Short descriptive text snippets
+ + + + +

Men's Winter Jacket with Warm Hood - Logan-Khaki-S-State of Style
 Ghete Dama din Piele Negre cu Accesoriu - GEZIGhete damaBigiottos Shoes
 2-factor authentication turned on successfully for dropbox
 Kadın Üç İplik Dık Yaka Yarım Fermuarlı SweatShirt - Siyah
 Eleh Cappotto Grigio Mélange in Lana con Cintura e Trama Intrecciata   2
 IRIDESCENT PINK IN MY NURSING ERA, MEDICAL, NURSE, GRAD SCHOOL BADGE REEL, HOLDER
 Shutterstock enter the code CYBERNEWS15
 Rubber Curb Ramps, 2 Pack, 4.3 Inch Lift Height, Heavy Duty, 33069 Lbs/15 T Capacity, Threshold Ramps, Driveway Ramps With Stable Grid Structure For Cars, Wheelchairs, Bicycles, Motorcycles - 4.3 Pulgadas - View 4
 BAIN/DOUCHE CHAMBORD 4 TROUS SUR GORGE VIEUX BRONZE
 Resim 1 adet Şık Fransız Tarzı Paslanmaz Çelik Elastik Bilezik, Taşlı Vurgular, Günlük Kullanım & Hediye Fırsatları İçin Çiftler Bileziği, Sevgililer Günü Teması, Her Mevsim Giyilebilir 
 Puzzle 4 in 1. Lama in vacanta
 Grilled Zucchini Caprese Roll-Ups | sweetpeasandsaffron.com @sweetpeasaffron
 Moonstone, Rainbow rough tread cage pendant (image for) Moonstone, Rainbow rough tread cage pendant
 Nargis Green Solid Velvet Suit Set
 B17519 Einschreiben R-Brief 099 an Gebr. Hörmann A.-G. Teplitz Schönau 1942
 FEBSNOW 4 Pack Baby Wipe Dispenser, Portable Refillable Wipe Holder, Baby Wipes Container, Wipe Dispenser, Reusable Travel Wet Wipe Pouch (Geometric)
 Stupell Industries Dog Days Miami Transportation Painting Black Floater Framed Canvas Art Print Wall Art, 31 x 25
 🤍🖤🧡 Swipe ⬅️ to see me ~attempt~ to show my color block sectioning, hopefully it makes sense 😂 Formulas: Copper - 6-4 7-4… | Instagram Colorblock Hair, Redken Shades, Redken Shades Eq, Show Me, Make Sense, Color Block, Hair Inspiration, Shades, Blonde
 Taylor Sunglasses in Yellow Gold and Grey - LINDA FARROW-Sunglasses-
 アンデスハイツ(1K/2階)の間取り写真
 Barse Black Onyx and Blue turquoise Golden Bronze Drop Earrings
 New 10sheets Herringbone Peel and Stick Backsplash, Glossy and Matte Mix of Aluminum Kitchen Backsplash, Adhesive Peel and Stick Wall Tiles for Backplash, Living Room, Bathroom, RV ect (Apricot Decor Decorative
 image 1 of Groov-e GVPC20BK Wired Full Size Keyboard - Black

+ + + + +

- What needs to be done -
Examine the data above and state how many of its lines contain the word "image", with no further remarks.

- Task response -
2